- What is needed -
All lines from the one containing "乌鲁木齐维斯特小区二手房出售信息" through the final line of the listing below, and no others, must be returned exactly; no pictures belong in the copy.

- Source material -

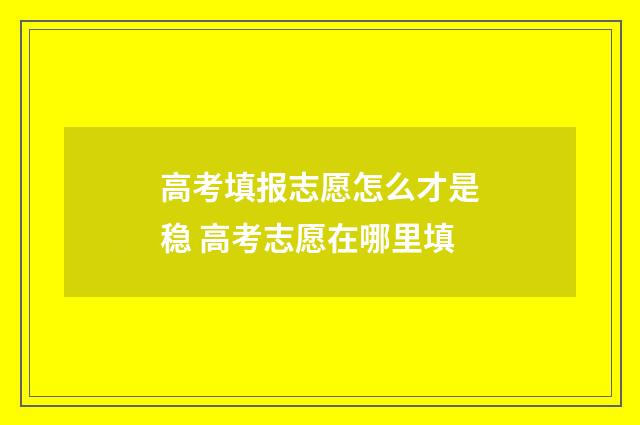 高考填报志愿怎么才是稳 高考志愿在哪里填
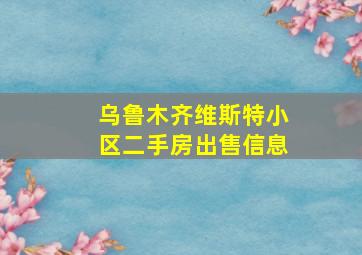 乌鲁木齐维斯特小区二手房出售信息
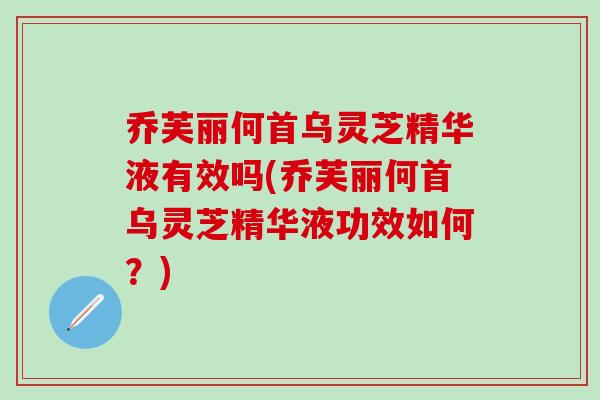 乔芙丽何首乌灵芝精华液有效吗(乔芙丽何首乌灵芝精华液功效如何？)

- Response to this exercise -
 乌鲁木齐维斯特小区二手房出售信息
 乔芙丽何首乌灵芝精华液有效吗(乔芙丽何首乌灵芝精华液功效如何？)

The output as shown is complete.